Across all of these works runs a common thread: the sense that every surface carries memory. Clay retains the pressure of the hand, glaze preserves the spontaneity of the brushstroke, and animals and figures alike appear as characters inhabiting an intimate, painterly universe. In Manessi’s hands, maiolica — so often associated with historical decoration — becomes experimental, lyrical and vividly alive. Her ceramics remind us that objects can still possess enchantment: that a plate, vessel or sculptural animal can become not merely an object of use, but a painted story held in the hand.
Dogs: Loyal Companions and Mythic Creatures.
Dogs occupy a special place in the history of painting: man’s best friend, hunter, noble companion, and attentive protector. Their graceful lines have always offered artists a compositional gift — refined profiles, arched backs, and an innate sense of poise.

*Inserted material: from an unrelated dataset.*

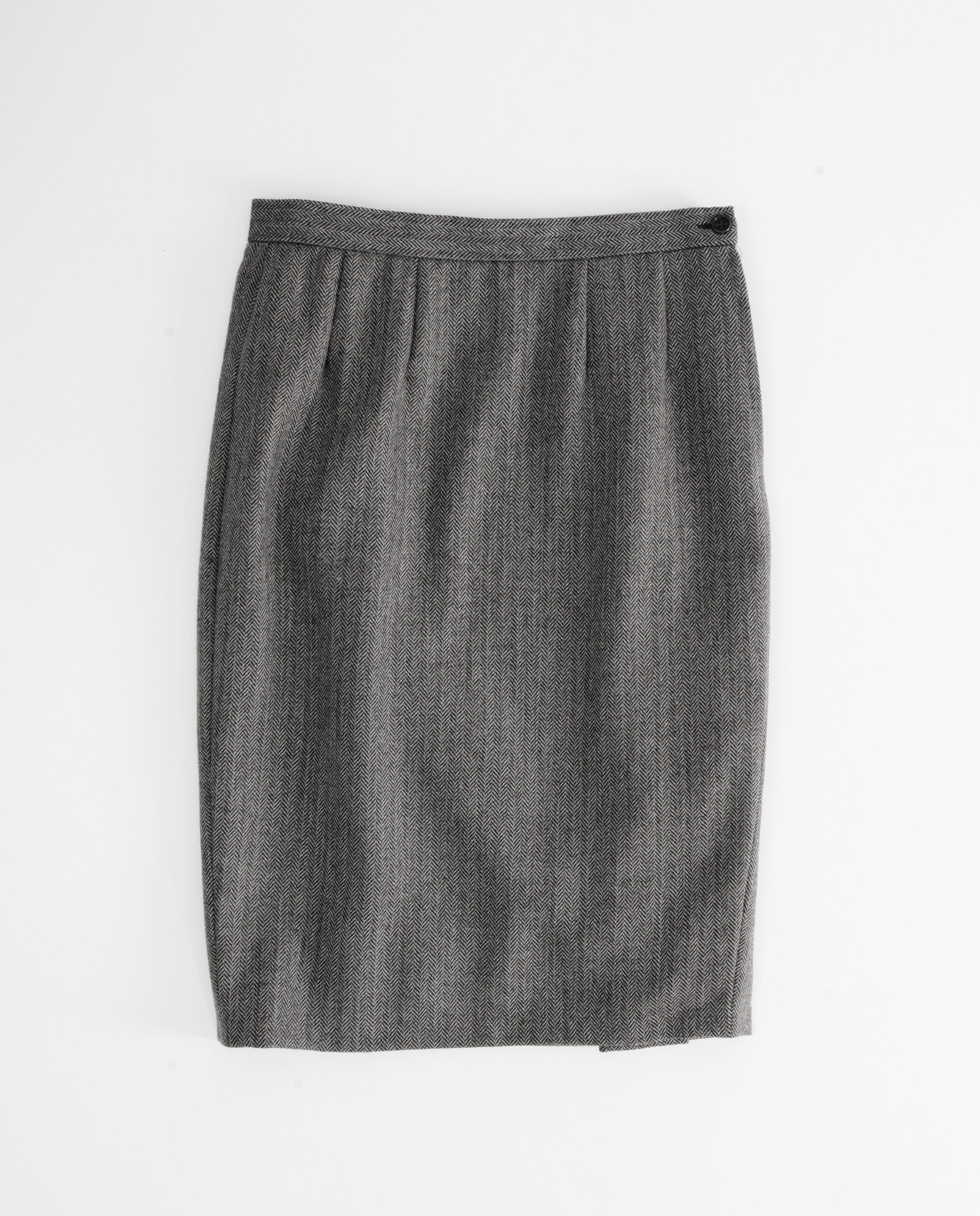 Юбка из шерсти Oliver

For Manessi, dogs are recurring emotional presences. Reclining hounds, stretching dogs, and alert companions appear throughout her ceramics.
In Manessi’s work, canine forms are often simplified into elegant silhouettes while the painted glaze animates the surface with movement and feeling. A cobalt sweep across the spine or a sharply painted collar becomes enough to suggest personality and inner life. Her dogs seem contemplative rather than decorative — guardians, dreamers, and silent witnesses.

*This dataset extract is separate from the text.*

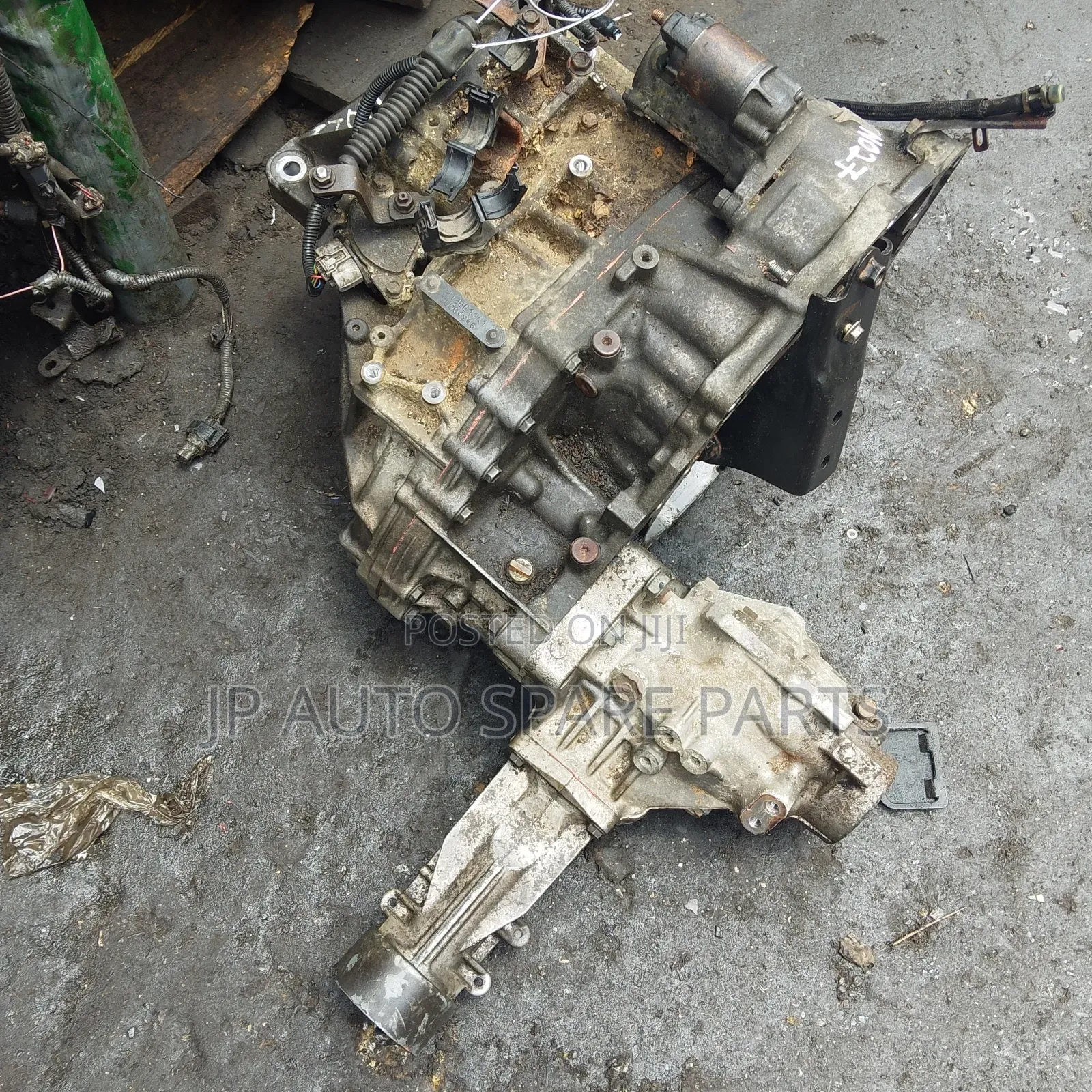 Toyota Highlander 2016 Japan Gear Box 22pin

Hares and Foxes: Creatures of Myth and Motion
Hares have fascinated artists and storytellers since antiquity. Elusive and fleeting, their sudden appearance often feels like a prelude to something magical. For Manessi, the hare embodies precisely this sense of mystery and anticipation.
Foxes, too, recur within her visual language. Like the animals of Franz Marc, Manessi’s foxes are less zoological studies than emotional archetypes. Their elongated bodies and vivid surfaces evoke intelligence, instinct and wildness. Through colour and gesture, she transforms familiar animals into mythic presences.
Cats: Obsession and Transformation
Manessi openly embraces her fascination with cats. Throughout art history, cats have occupied contradictory roles — domestic companions, symbols of independence, creatures associated with mystery and transformation. In her ceramics, they become all of these things simultaneously.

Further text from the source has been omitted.